→ **What is required**
Leaving the images behind, copy every line of the records exactly.

*** Given information ***

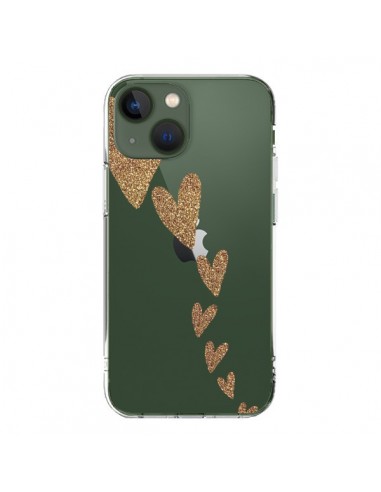 Cover iPhone 13 Cuore Falling Gold Hearts Trasparente - Sylvia Cook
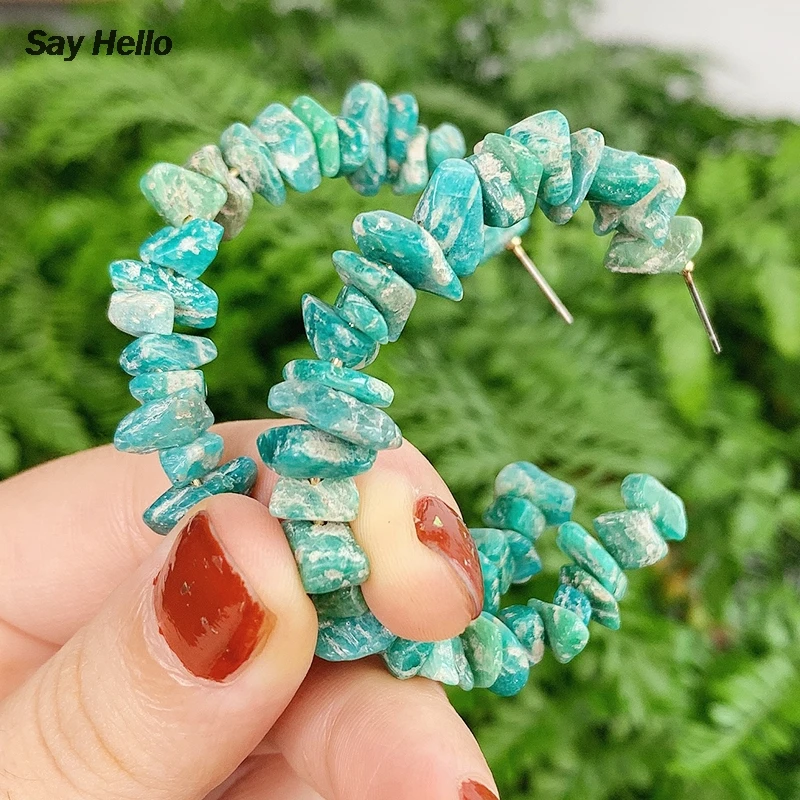 SAY HELLO богемные серьги-кольца из натурального камня с бирюзой и малахитом для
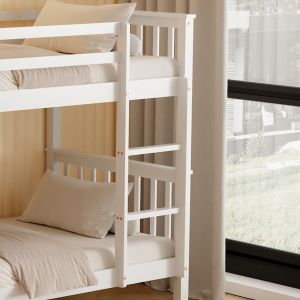 Children's double bed made of pine wood in white - for mattresses 190x90cm Hm682,03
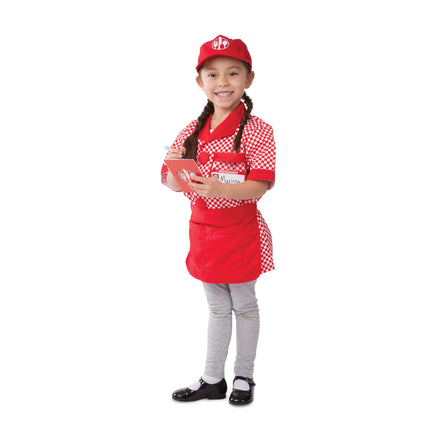 Melissa & Doug Set de disfraz de camarero para juego de rol – Incluye camisa, delantal, gorra, etiqueta de nombre y más – Juego de disfraces de personajes (set de 8 piezas) – Artículo #148009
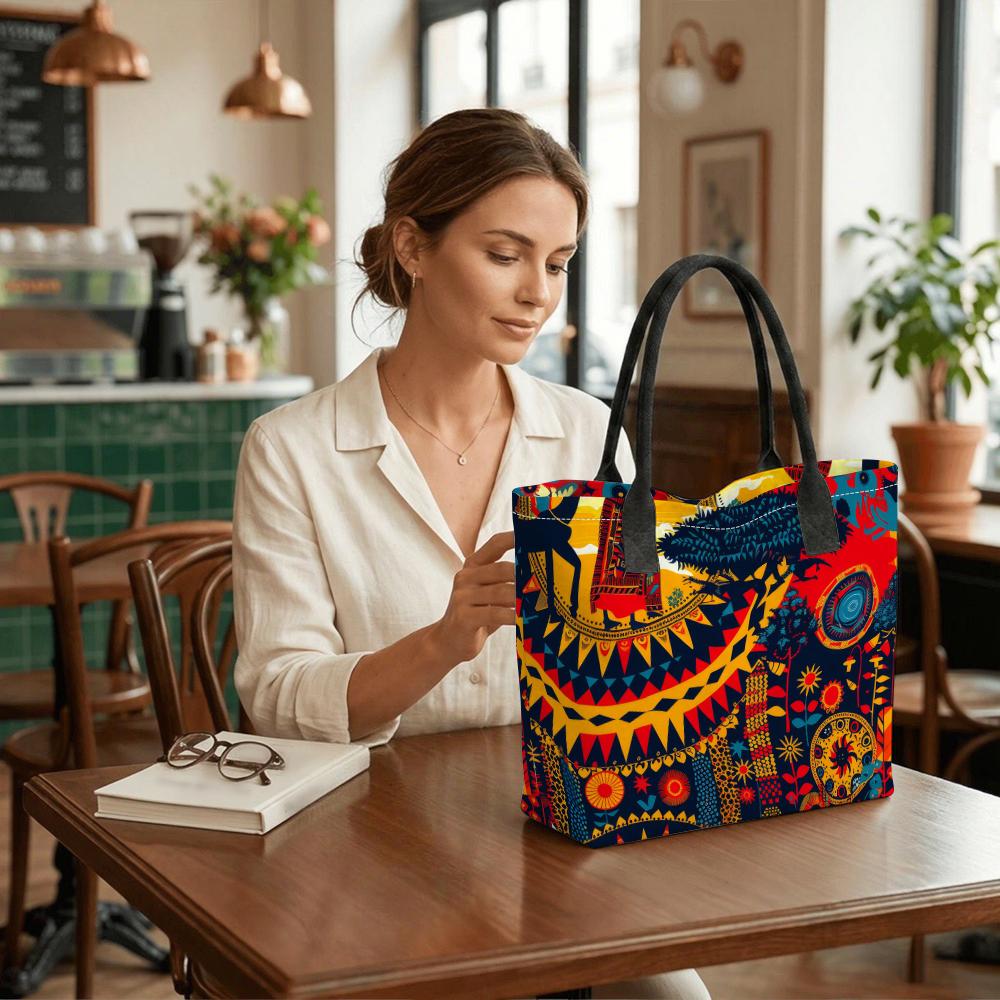 Vintage Tribal Print Canvas Tote Bag Large Capacity Casual Daily Shoulder Handbag for Women Shopping Travel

*** End of Given information ***

→ **Finished exercise**
 Cover iPhone 13 Cuore Falling Gold Hearts Trasparente - Sylvia Cook
 SAY HELLO богемные серьги-кольца из натурального камня с бирюзой и малахитом для
 Children's double bed made of pine wood in white - for mattresses 190x90cm Hm682,03
 Melissa & Doug Set de disfraz de camarero para juego de rol – Incluye camisa, delantal, gorra, etiqueta de nombre y más – Juego de disfraces de personajes (set de 8 piezas) – Artículo #148009
 Vintage Tribal Print Canvas Tote Bag Large Capacity Casual Daily Shoulder Handbag for Women Shopping Travel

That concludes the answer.